The Company has entered into various agreements with certain of its employees and partners whereby these individuals receive loans which may be either wholly or in part repaid from the distribution earnings that the individual receives on some or all of their limited partnership interests or may be forgiven over a period of time. The forgivable portion of these loans is recognized as compensation expense over the life of the loan. From time to time, the Company may also enter into agreements with employees and partners to grant bonus and salary advances or other types of loans. These advances and loans are repayable in the timeframes outlined in the underlying agreements.

As of March 31, 2012 and December 31, 2011, the aggregate balance of these employee loans was $198.2 million and $192.7 million, respectively, and is included as “Loans, forgivable loans and other receivables from employees and partners, net” in the Company’s unaudited condensed consolidated statements of financial condition. Compensation expense for the above mentioned employee loans for the three months ended March 31, 2012 and 2011, was $7.0 million and $8.9 million, respectively. The compensation expense related to these employee loans is included as part of “Compensation and employee benefits” in the Company’s unaudited condensed consolidated statements of operations.

8.75% Convertible Notes

On April 1, 2010 BGC Holdings issued an aggregate of $150.0 million principal amount of 8.75% Convertible Senior Notes due 2015 (the “8.75% Convertible Notes”) to Cantor in a private placement transaction. The Company used the proceeds of the 8.75% Convertible Notes to repay at maturity $150.0 million aggregate principal amount of Senior Notes due April 1, 2010. The Company recorded interest expense related to the 8.75% Convertible Notes in the amount of $3.3 million for both the three months ended March 31, 2012 and 2011. See Note 16—“Notes Payable, Collateralized and Short-Term Borrowings,” for more information.

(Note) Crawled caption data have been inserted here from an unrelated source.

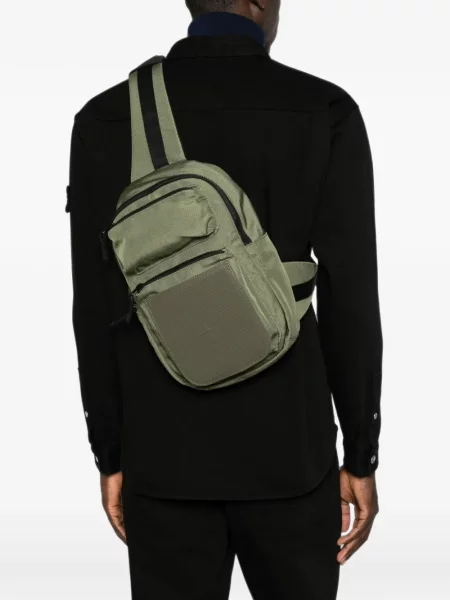 Rucsac Stone Island cu strasuri verde
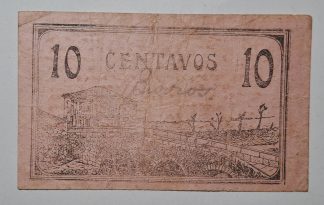 Companhia Banhos Vizela (Guimarães) 10 Centavos ND MA#1107 (Escassa) MBC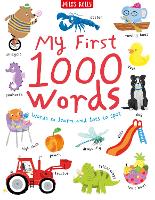 Book Cover for My First 1000 Words by Becky Miles, Ailie Busby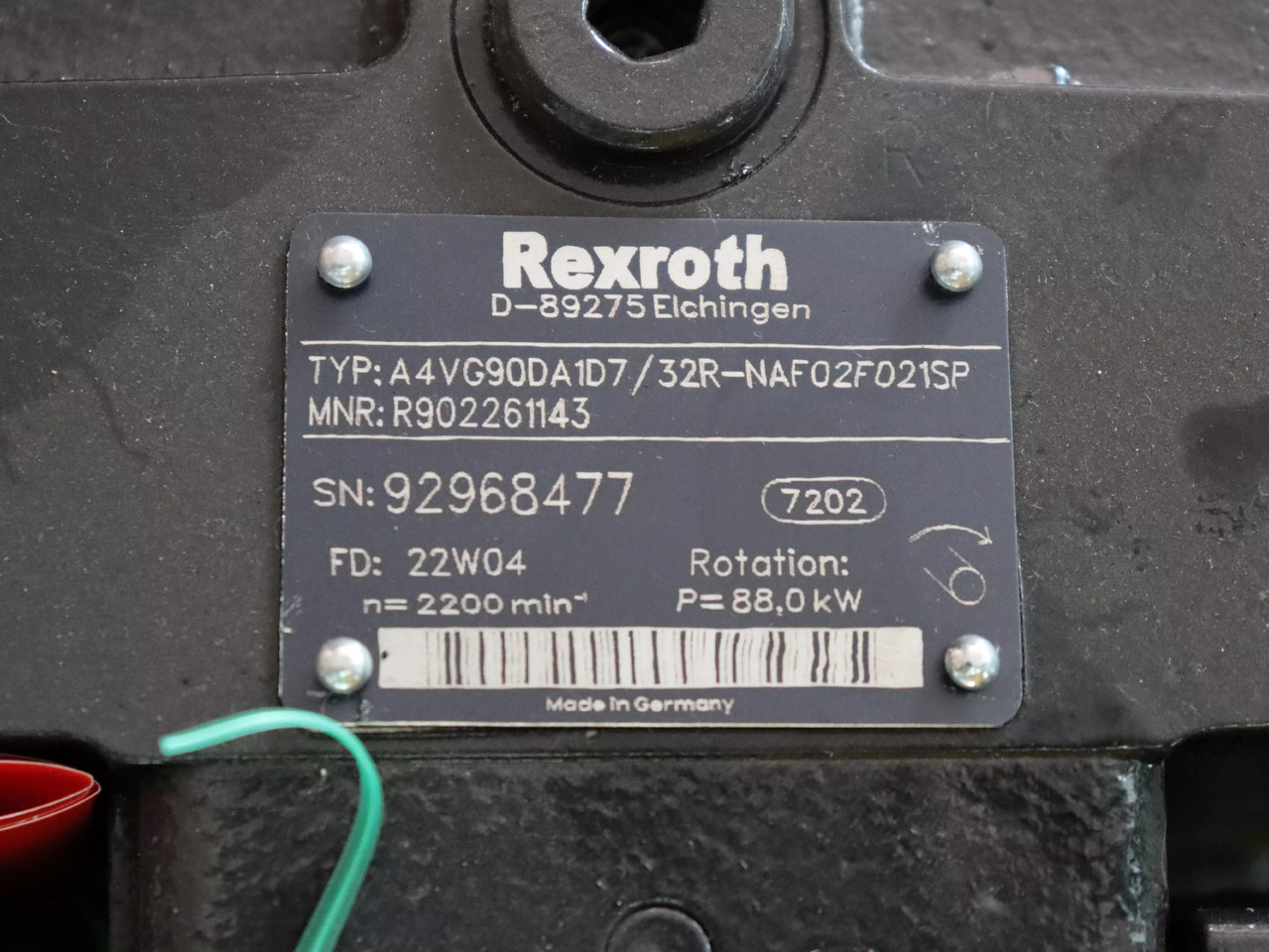 REXROTH A4VG90DA1D7/32R-NAF02F021SP-S - Hidraulična pumpa za Oprema za rukovanje materijalima: slika 3 REXROTH A4VG90DA1D7/32R-NAF02F021SP-S - Hidraulična pumpa za Oprema za rukovanje materijalima: slika 3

Controlled Equity Offerings/Payment of Commissions to CF&Co

As discussed in Note 4—“Unit Redemptions and Stock Transactions,” the Company has entered into controlled equity offering agreements with CF&Co, as the Company’s sales agent. For the three months ended March 31, 2012 and 2011, the Company was charged approximately $0.6 million and $0.2 million, respectively, for services provided by CF&Co. These expenses are included as part of “Professional and consulting fees” in the Company’s unaudited condensed consolidated statements of operations.

Cantor Rights upon Redemption of Founding/Working Partner Units by BGC Holdings

Cantor has the right to purchase Cantor units from BGC Holdings upon redemption of nonexchangeable founding/working partner units redeemed by BGC Holdings upon termination or bankruptcy of the founding/working partner. Any such Cantor units purchased by Cantor are exchangeable for shares of Class B common stock or, at Cantor’s election or if there are no additional authorized but unissued shares of Class B common stock, shares of Class A common stock, in each case on a one-for-one basis (subject to customary anti-dilution adjustments).

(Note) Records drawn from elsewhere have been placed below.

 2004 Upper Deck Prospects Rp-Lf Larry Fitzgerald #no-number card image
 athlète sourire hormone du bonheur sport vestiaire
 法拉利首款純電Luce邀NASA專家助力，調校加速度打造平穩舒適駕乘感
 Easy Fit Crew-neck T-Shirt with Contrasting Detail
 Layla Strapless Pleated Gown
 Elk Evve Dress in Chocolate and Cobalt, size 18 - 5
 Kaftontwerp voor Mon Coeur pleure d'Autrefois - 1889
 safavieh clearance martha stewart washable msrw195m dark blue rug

During the three months ended March 31, 2012, in connection with the redemption by BGC Holdings of an aggregate of 397,825 non-exchangeable founding partner units from founding partners of BGC Holdings for an aggregate consideration of $1,146,771, Cantor purchased 397,825 exchangeable limited partnership units from BGC Holdings for an aggregate of $1,146,771. The redemption of the non-exchangeable founding partner units and issuance of an equal number of exchangeable limited partnership units did not change the fully diluted number of shares outstanding. In addition, pursuant to the Sixth Amendment to the BGC Holdings Limited Partnership Agreement, on March 13, 2012, Cantor purchased 488,744 exchangeable limited partnership units from BGC Holdings for an aggregate consideration of $1,449,663 in connection with the grant of exchangeability and exchange of 488,744 founding partner units. Such exchangeable limited partnership units are exchangeable by Cantor at any time on a one-for-one basis (subject to adjustment) for shares of Class A common stock of the Company.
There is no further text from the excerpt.